Q&A on dynamic documents

At GigaScience one of our major goals is to take the scientific publishing beyond dead trees and static PDFs to a more dynamic and interactive process, much like science itself has embraced the Internet to become more networked and data driven. One way we have done this is by enabling the histories and analyses from papers to be visualized and executed through our GigaGalaxy server (see our recent posting on this), but on top of integrating workflows into our papers through citable DOIs, the papers themselves can be generated (and subsequently reproduced) in a similar manner using a number of tools that allow dynamic report generation. With R, the open source software environment for statistical computing continuing to grow in popularity, there are a number of reporting tools being integrated into it such as Knitr and Sweave. These support reproducible research and automated report generation by supporting execution of R code embedded within various document formats including LaTeX. Our recent reproducible neurophysiology paper was a great example of this, and following our interview with lead author Stephen Eglen, we thought we would get some further insight into the advantages of dynamic documents by talking to some users about this example.

c7c935bdc1ddb793b63a7952c98ff1b3Our editorial board member Wolfgang Huber, on top of promoting the archiving of bioinformatics R- packages and workflows through the bioconductor project is a big advocate of the use of Knitr and Sweave, last year carrying out a workshop at our BGI hosts that covered this area (see the picture of Wolfgang modeling our GigaPanda t-shirt). Asking him why, Wolfgang summarizes the utility of this approach well: “I do all my projects in Knitr. Having the textual explanation, the associated code and the results all in one place really increases productivity, and helps explaining my analyses to colleagues, or even just to my future self.”
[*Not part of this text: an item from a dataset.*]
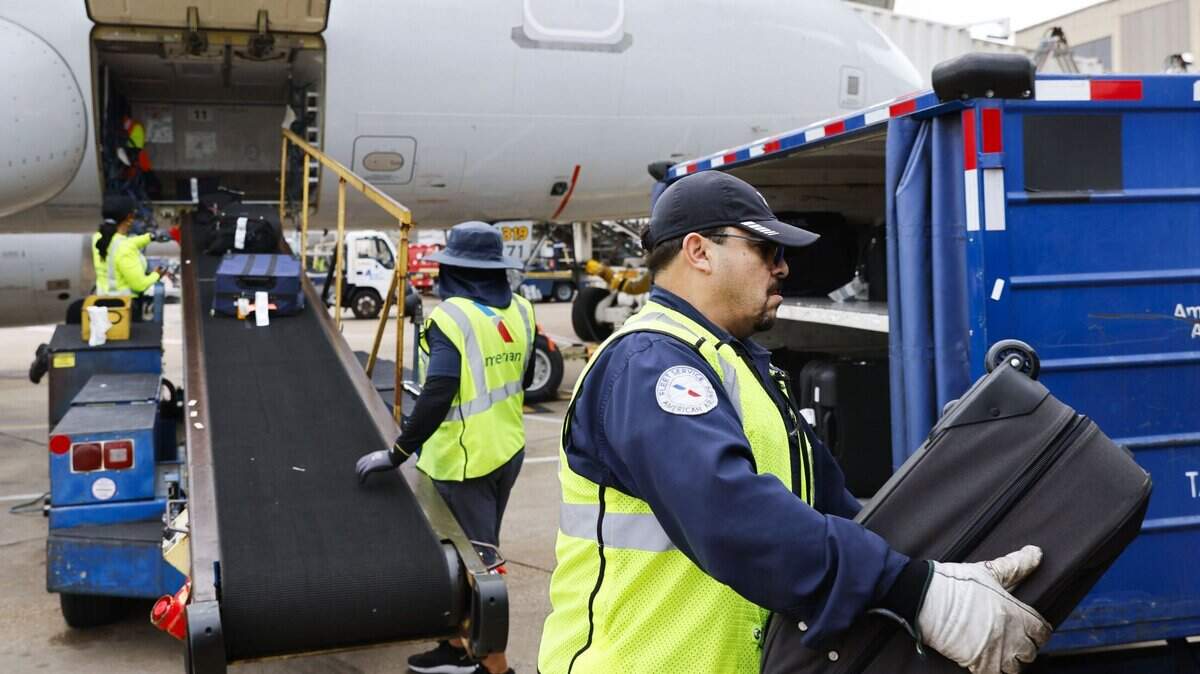 Members of the ground crew unload baggage from an American Airlines flight from Grand Rapids, MI on May 9, 2023, at DFW Airport. (Shafkat Anowar/The Dallas Morning News/TNS)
Q&A with our reviewers Thomas Wachtler and Christophe Pouzat
As we promote open peer-review and like to credit the work of our reviewers (a process that will be greatly aided by new moves to credit reviews in ORCID profiles), we also interviewed the referees of the paper on if the review process was improved by the authors providing all of the files required to regenerate the paper. Much of this interview with Thomas Wachtler (group leader at the Ludwig-Maximilians-Universität München, and also on our editorial board) and Christophe Pouzat (Paris Descartes University) has recently been published in Biome, but as with the Assemblathon2 discussion and some of our other Q&A’s we thought we would focus first on their discussions on dynamic documents, and then provide the “box-set completist” version by publishing the rest of interview in full.

Can you give a little insight about the review process? Did you manage to test and recreate the analyses in the paper in R and how long did it take you?

Thomas Wachtler (TW): Providing code and data with a publication so that it is possible to replicate the analysis is highly valuable.

The paper by Eglen and colleagues is a shining example for such openness in that it enables replicating the results almost as easily as by pressing a button.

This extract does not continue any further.